The winning and other merited entrants in both the Imagine and Design categories for both 'whole bus' submission and part submissions were passed by TfL to bus manufacturers, for them to draw up detailed final designs meeting all relevant legislation, and later presented to TfL for consideration on a competitive-tender basis. By April 2009, a formal invitation to express interest in the project was published in the Official Journal of the European Union.

In May 2009, six manufacturers were invited to negotiate the contract to design and build the new bus. They were Alexander Dennis, EvoBus (which includes Mercedes-Benz), Hispano Carrocera, Optare, Scania and Wrightbus, having all met TfL's criteria for pre-qualification for tendering, which included demonstrating they had a manufacturing capacity of building 600 buses over three years. Volvo Buses declined to enter the bidding process. Transport for London set a deadline of 14 August for the submission of detailed tenders; Scania and Evobus pulled out before this deadline. Scania did not believe they could produce the first prototype in the time stipulated, and Evobus had concerns as they were not at the time manufacturing any double-decker.

On 23 December 2009, Northern Ireland-based vehicle manufacturer Wrightbus was awarded the contract to build the Future Routemaster. The contract called for a bus with a capacity for at least 87 passengers, two staircases, three doors, and a rear platform which could be left open, or closed with a door when there was no conductor on board. The bus would be a hybrid, utilising technology to make it 40% more fuel-efficient than conventional diesel buses, and 15% more than London hybrid buses already in operation, reducing nitrogen oxide emissions by 40% and particulate matter by 33% compared with diesel buses.

On 17 May 2010, the final design was unveiled by Wrightbus, with asymmetric glass swoops as its signature "futuristic" styling feature. Transport for London and Wrightbus worked with Heatherwick Studio to produce the styling for Wrightbus' final design. TfL has applied to the Intellectual Property Office for Registered Design Protection for the exterior design.
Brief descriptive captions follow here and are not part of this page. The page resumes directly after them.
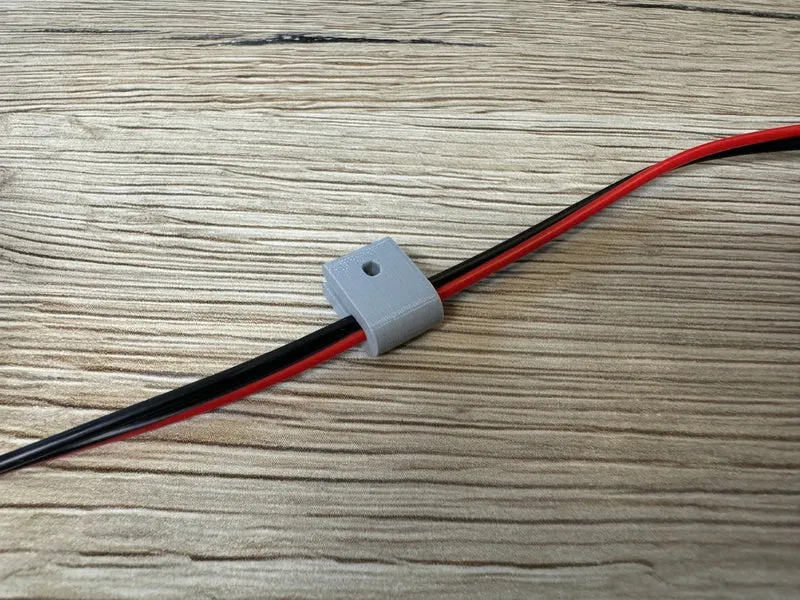 Clip de câble pour un câble organisé.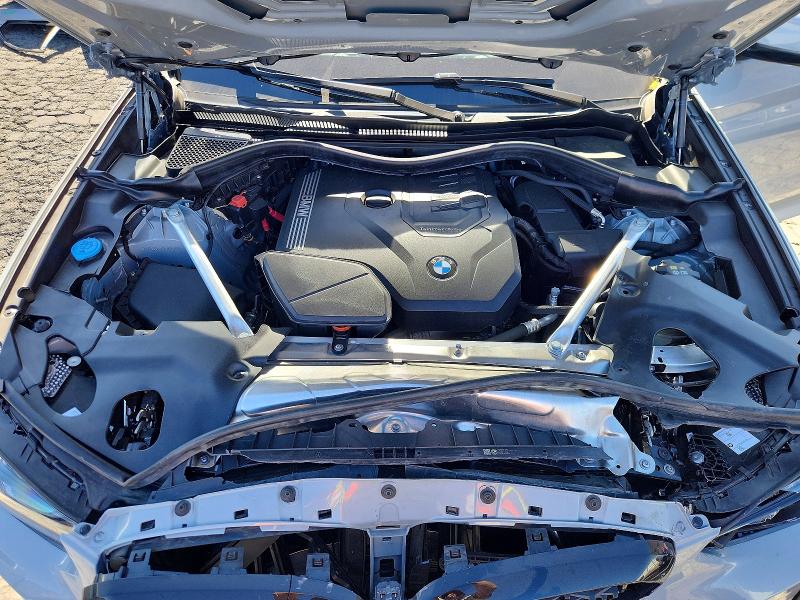 Photo 12 from auction – 2024 BMW X4 with VIN 5UX33DT06R9X04010
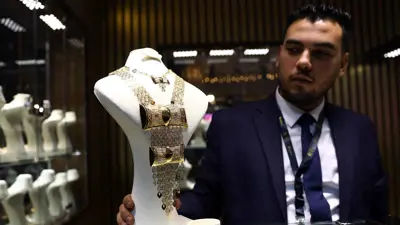 يعرض قلادة خلال المعرض الدولي للذهب والمجوهرات (نيبو) في العاصمة المصرية القاهرة يوم 20 فبراير 2022.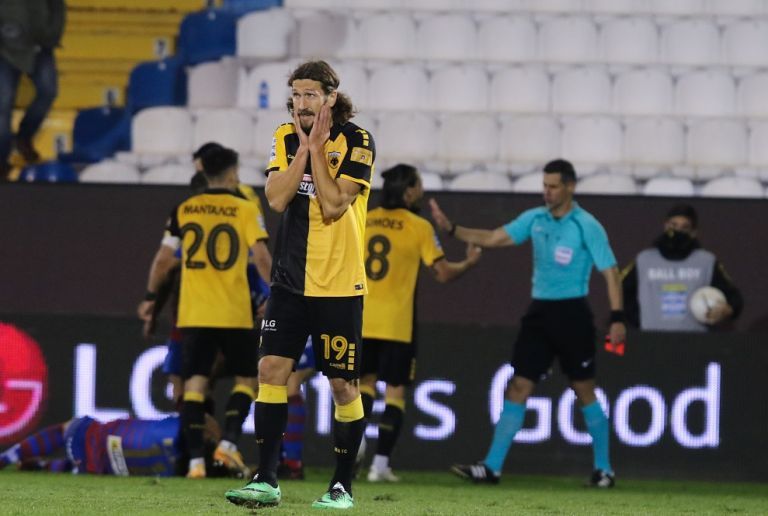 Για… κλάματα η άμυνα της ΑΕΚ στα τελευταία ματς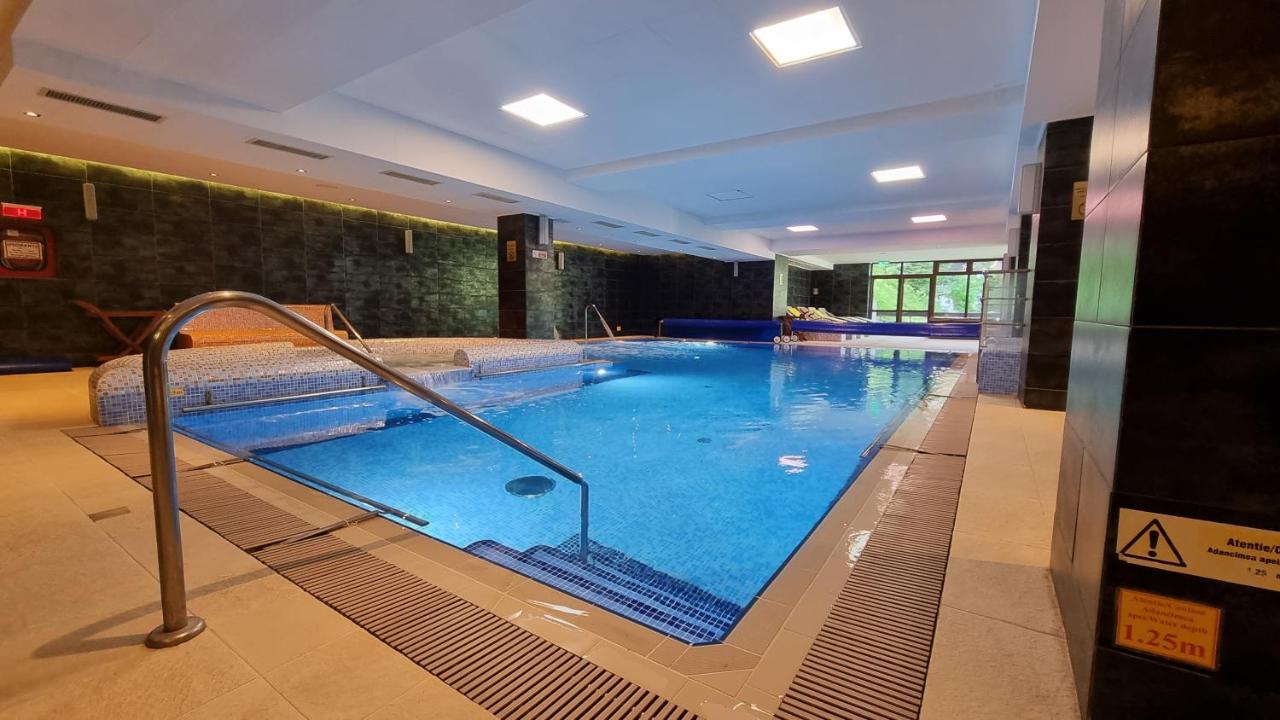 Hotel Escalade - 2
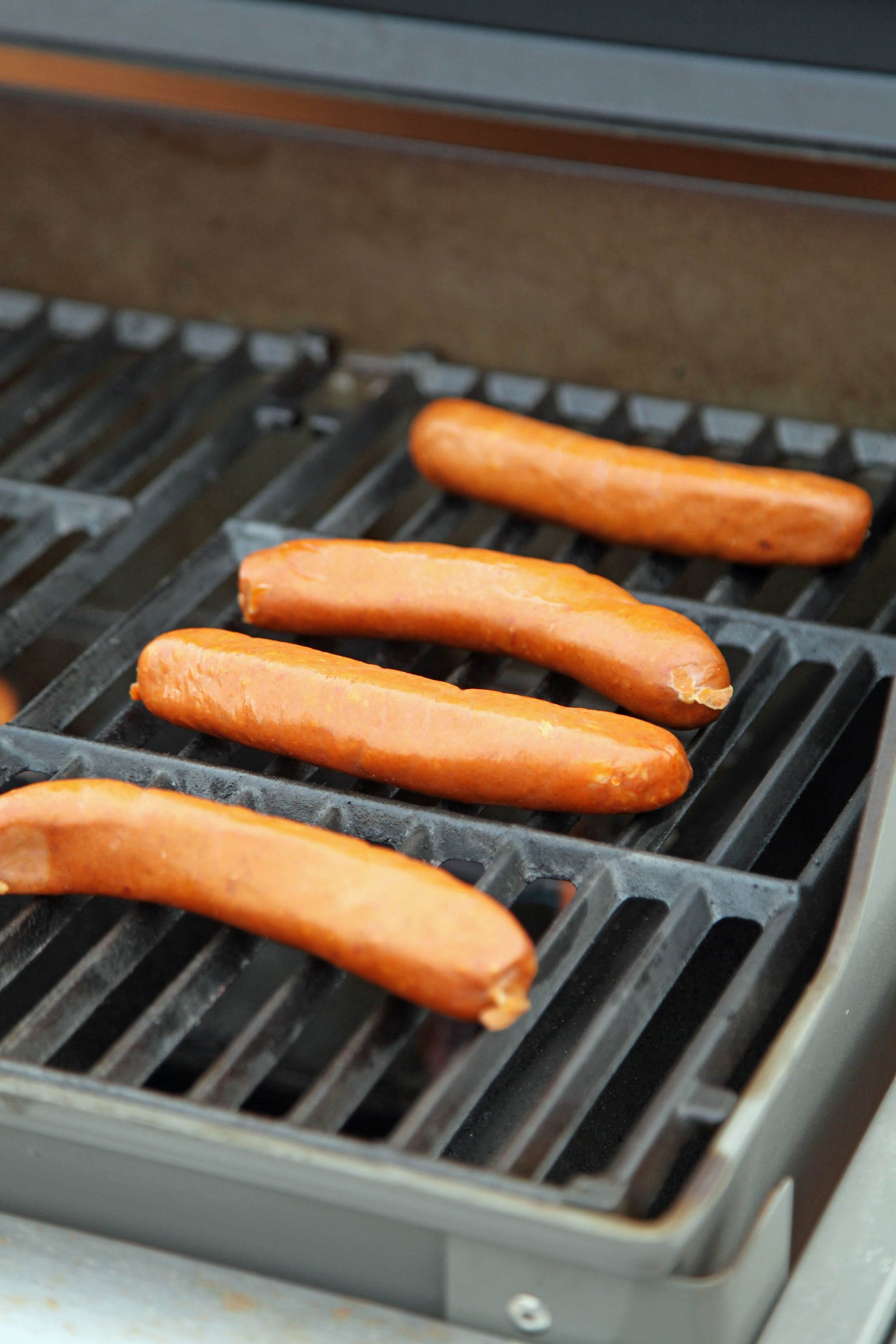 How To Grill Hot Dogs
 How to Grill Hot Dogs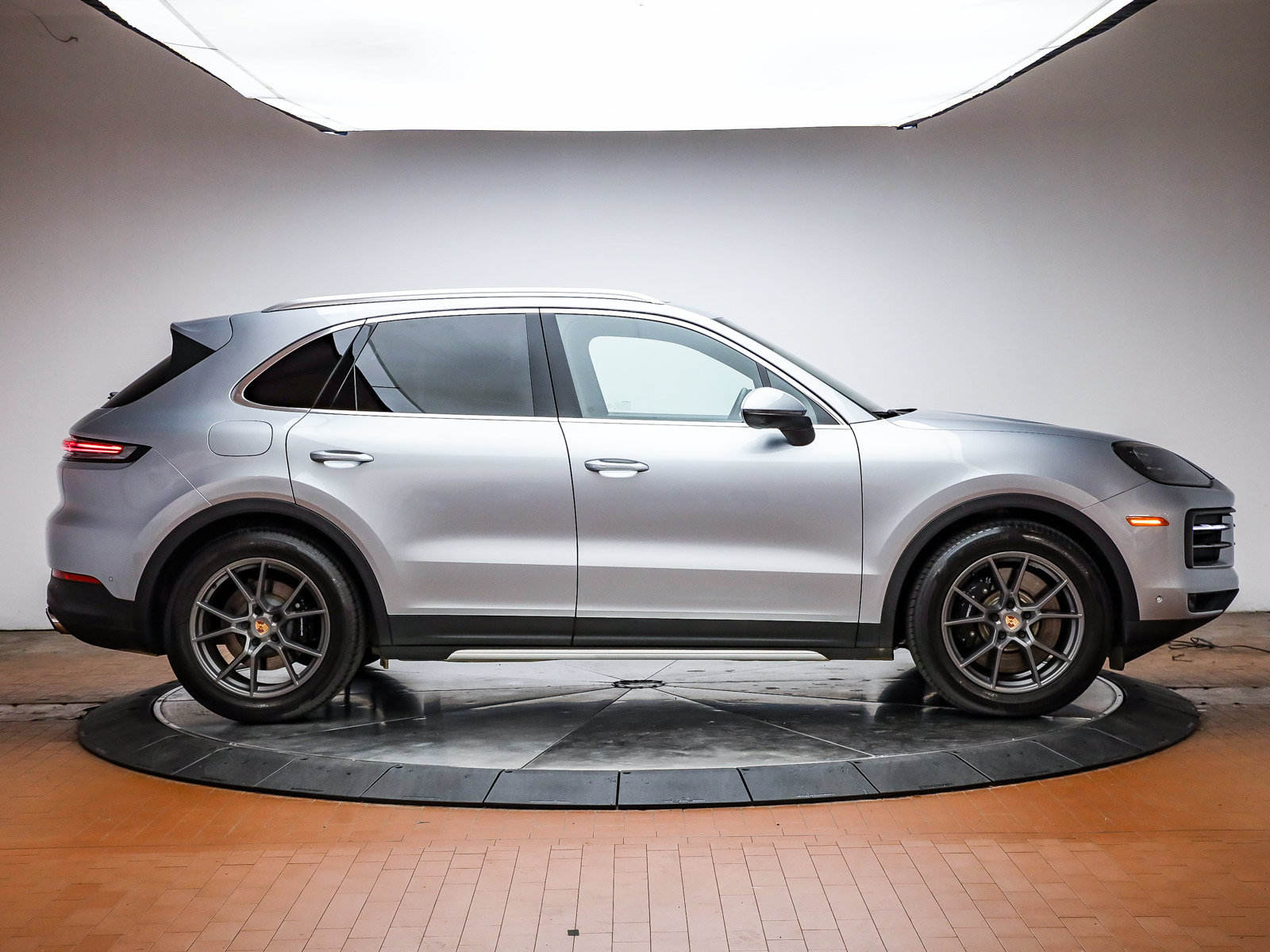 Certified 2025 Porsche Cayenne S AWD/4WD image 13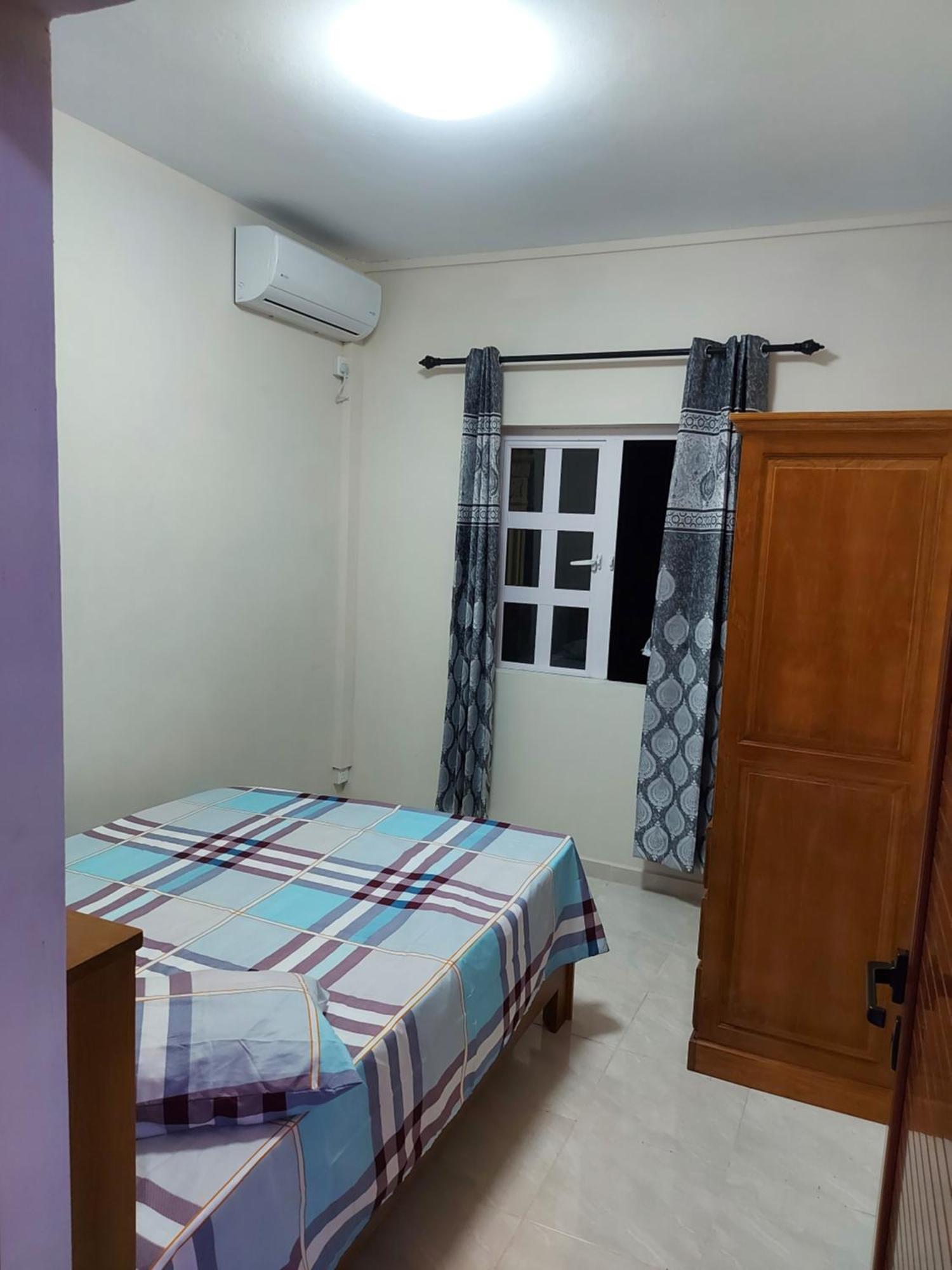 Rs Villas - Three Bedrooms Share Apartment With Private Room And Free Wifi And 100Mts To The Beach And Ac And 100Mts To Bus Stop And Pool Flic en Flac Luaran gambar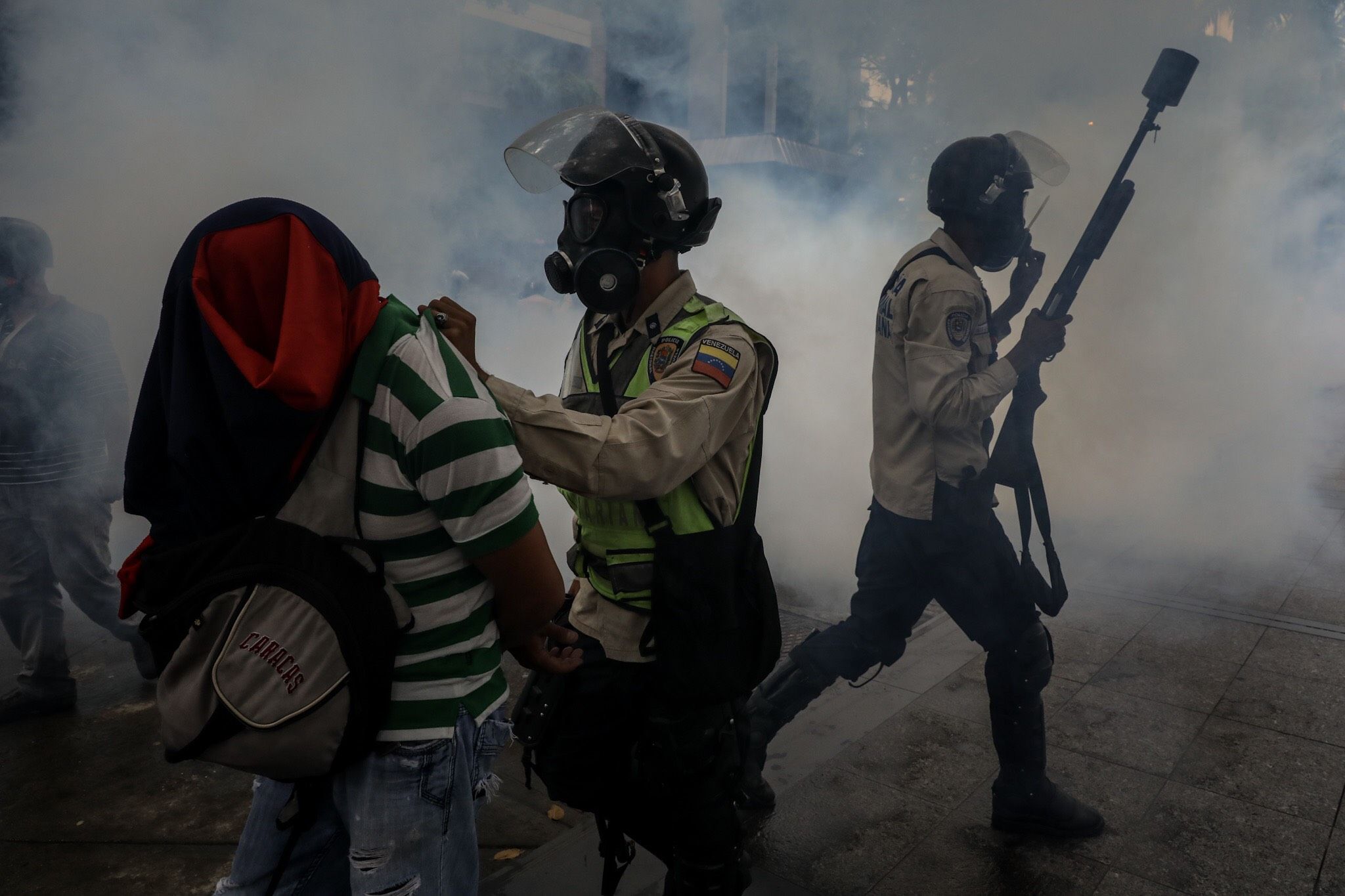 Fiscalía venezolana imputa a ex jefe militar por violar derechos humanos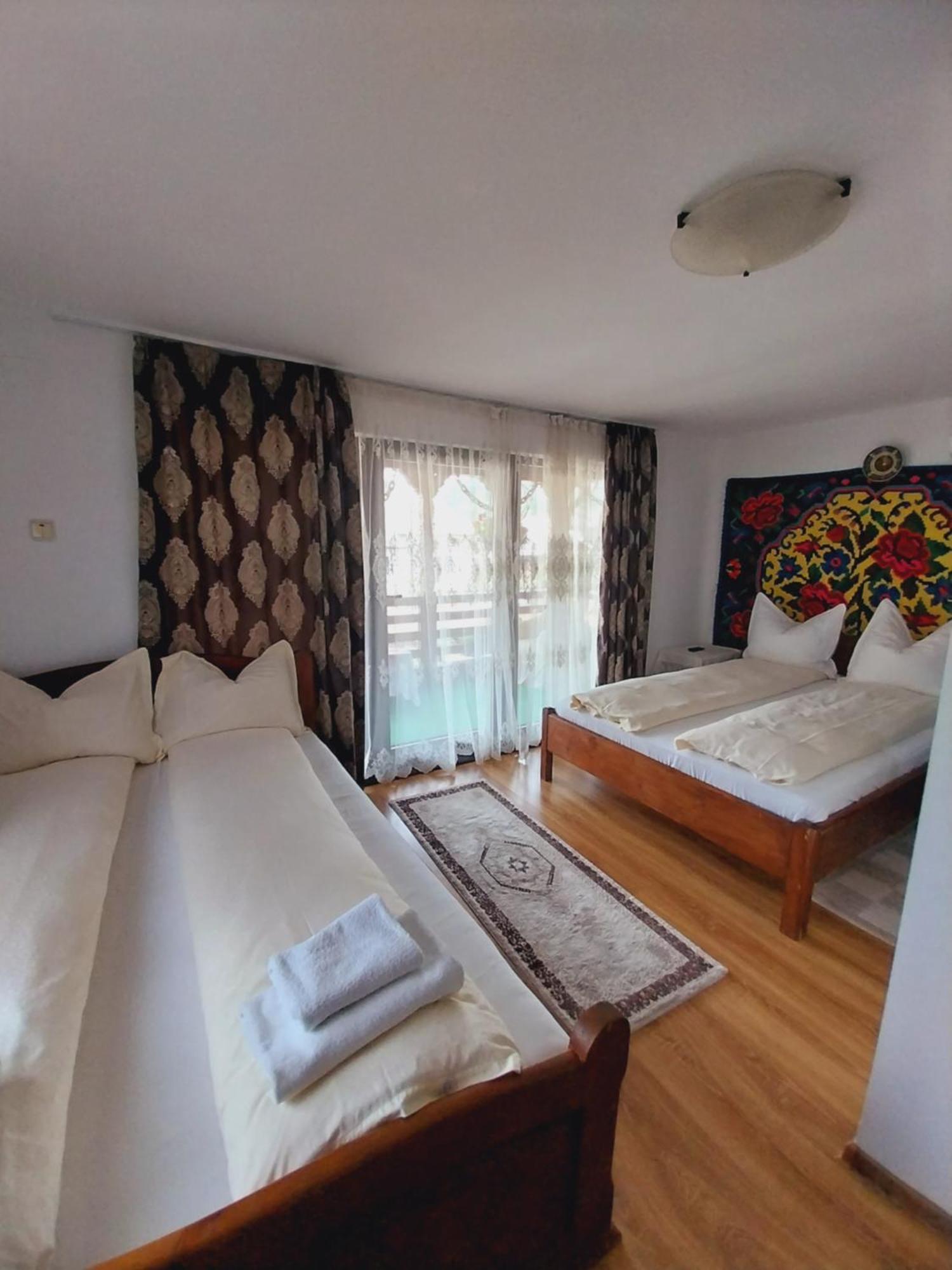 Pensiunea Rustic Oncesti Bagian luar foto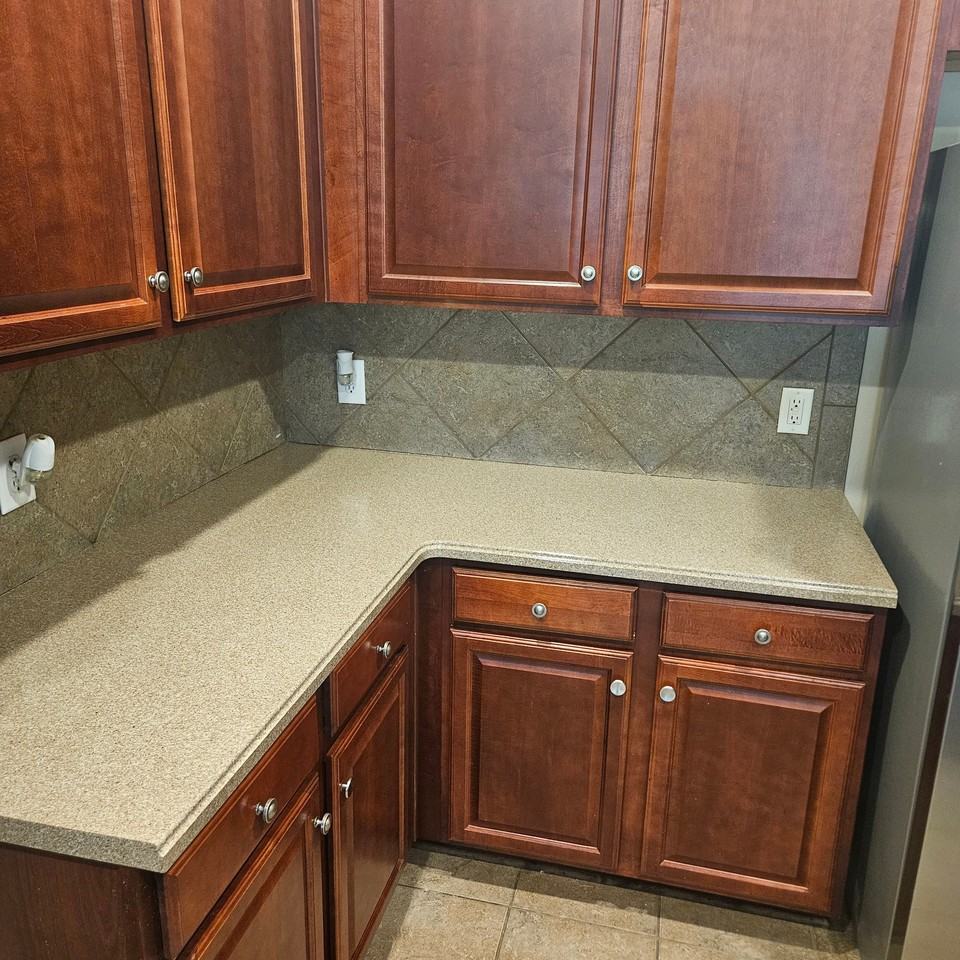 1052 Crown Blvd - Photo 4 of 16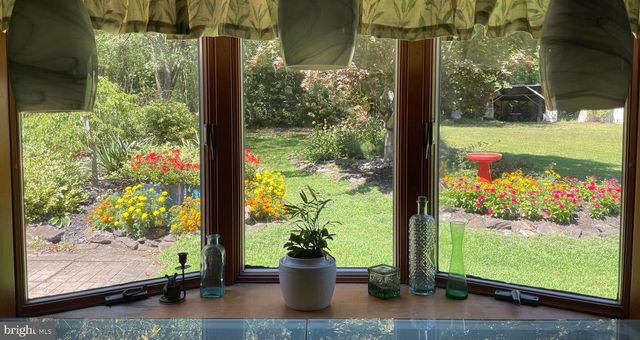 206 BURRS MILL RD, Southampton, NJ 08088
The body has two diagonal glass windows from top to bottom decks, one curving around the rear, the other on the right-hand side towards the front, which provides natural light to the interiors of both staircases. The rear staircase is in the same position as in the original Routemaster, curving around the rear section, while the front staircase is straight, ascending on the right-hand side of the chassis over the driver's cab, opening out in the front of the upper deck.

The bus is certified to EC Whole Vehicle Type Approval and ECE Regulation 107, according to the manufacturers.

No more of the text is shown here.